Thursday, 2 October 2025

The Sound of Poets


 We know what poets sound like, don't we? They speak in Received Pronunciation, sometimes in a curiously strangulated form – think T.S. Eliot – or in a kind of Oxford drawl, like Philip Larkin, or in the fruitier-than-fruit tones of Dylan Thomas, or in a more relaxed version of 'posh', like Betjeman. Regional accents are allowed for Northerners – Ted Hughes (the thinking man's Sean Bean), Simon Armitage, all those Liverpudlians. But there was a time, before Received Pronunciation took over (largely thanks to the BBC), when writers, like everyone else except some members of the gentry and aristocracy, spoke in a range of provincial accents, and the world sounded very different, both from how it sounds now and from how it sounds in period dramas and historical reconstructions.
Tennyson, by all accounts, spoke with quite a broad Lincolnshire accent all his life, though he could modify it according to circumstances.
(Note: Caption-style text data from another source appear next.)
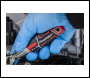 Sealey AK8937 Premier Offset Ratchet Wrench with Flip Reverse 1/4 inch Sq Drive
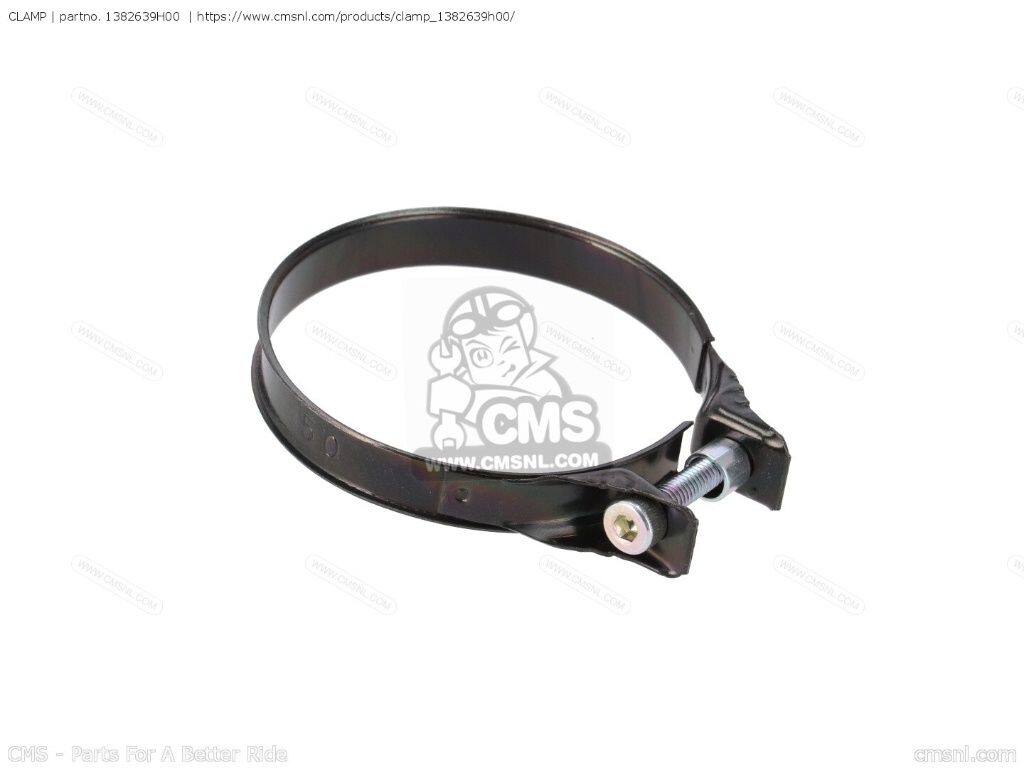 CMS シーエムエス CLAMP［1382639H00］ AN650 BURGMAN AN650Z EXECUTIVE SUZUKI スズキ ホースクリップ・クランプ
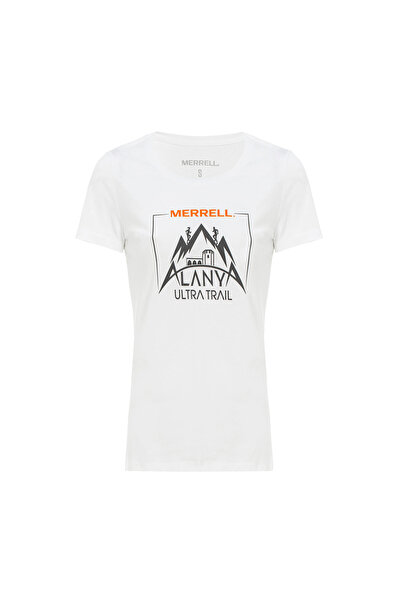 Merrell Γυναικείο λευκό μπλουζάκι Trail ΓΥΝΑΙΚΕΙΟ ΜΠΛΟΥΖΑ M21W005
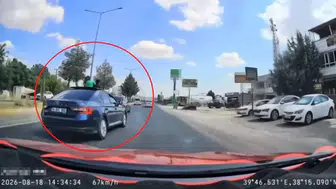 Diyarbakır-Ergani yolunda çocukları tehlikeye atan sürücüye ağır ceza 111 bin TL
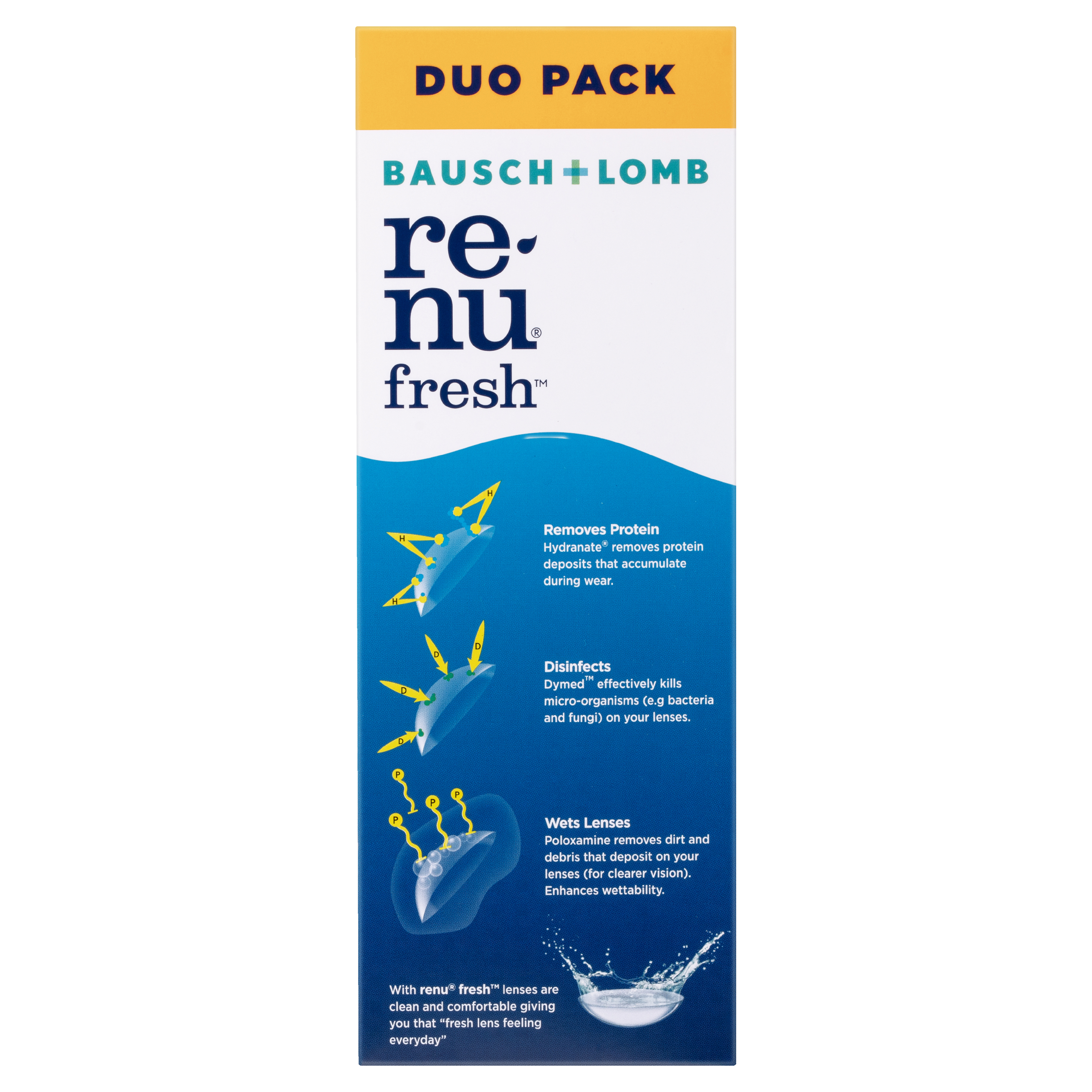 RENU FRESH MULTI-PURPOSE DUO SOLUTION 355ML + 120ML - Image 6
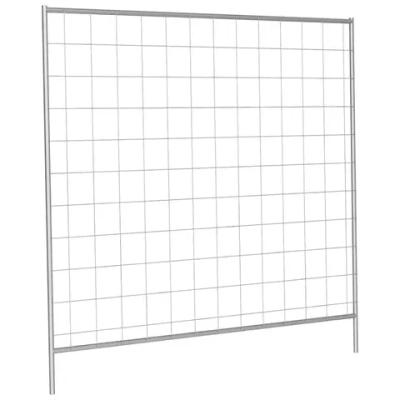 Инвентарное строительное ограждение ИСО Стандарт 1820, порошковая окраска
He loved Lincolnshire dialect, and wrote many dialect poems (though not as many as the dialect poetry specialist William Barnes of Dorset). Johnson spoke with the accent of his native Staffordshire, and was sometimes mocked for it, good-humouredly, by his friend Garrick. Shakespeare, another great son of Mercia, no doubt spoke with a Warwickshire accent, but what exactly he sounded like we shall never know. As for Keats, how 'cockney' was he? Did he sound like a Londoner or not? Controversy rages, in a small way. In one of many hostile contemporary reviews, he was accused of using 'Cockney rhymes', such as 'thorns' and 'fawns', 'shorter' with 'water' and 'fastens' with 'parsons'. This, according to linguists, is evidence of 'nonrhoticity', the tendency to drop Rs from the end of syllables and words – though such rhymes are perfectly respectable, and have been used by poets blessed with abundant rhoticity. Keats's letters feature such usages as 'ax' for 'ask', 'ave' for 'have' and 'werry' for 'very', but these are surely there for comic effect. The likelihood is that Keats, with his intense sensitivity and easily embarrassed nature, would have adapted whatever accent he had to suit any particular social situation he found himself in. Of course we shall never know – but we do, as it happens, have some idea of what Tennyson sounded like, from a wax cylinder recording made in 1890, in which the elderly poet declaims 'The Charge of the Light Brigade'. It's an eerie sound, made all the more eerie in this 'virtual reading'...


Wednesday, 1 October 2025

'The chestnut pattering to the ground...'

 October already, and both the Rev. Richard Coles and Bryan Appleyard have posted Robert Frost's 'October' on Facebook (great minds, etc.). 
The advance of autumn affects poets in different ways. Emily Brontë positively welcomes it, complete with its promise of winter to come –

Fall, leaves, fall; die, flowers, away;
Lengthen night and shorten day;
Every leaf speaks bliss to me
Fluttering from the autumn tree.
I shall smile when wreaths of snow
Blossom where the rose should grow;
I shall sing when night’s decay
Ushers in a drearier day.

But the general autumn mood is, of course, one of melancholy, of 'languid grief'. Here's Dante Gabriel Rossetti going for it, in his 'Autumn Song' –

Know'st thou not at the fall of the leaf
How the heart feels a languid grief
Laid on it for a covering,
And how sleep seems a goodly thing
In Autumn at the fall of the leaf?

And how the swift beat of the brain
Falters because it is in vain,
In Autumn at the fall of the leaf
Knowest thou not? and how the chief
Of joys seems—not to suffer pain?

Know'st thou not at the fall of the leaf
How the soul feels like a dried sheaf
Bound up at length for harvesting,
And how death seems a comely thing
In Autumn at the fall of the leaf?


But for me the most beautiful lines of autumn verse – apart from the supreme autumn poem, Keats's great ode – are these, from Tennyson's 'In Memoriam', recalling an autumn morning on the Lincolnshire Wolds...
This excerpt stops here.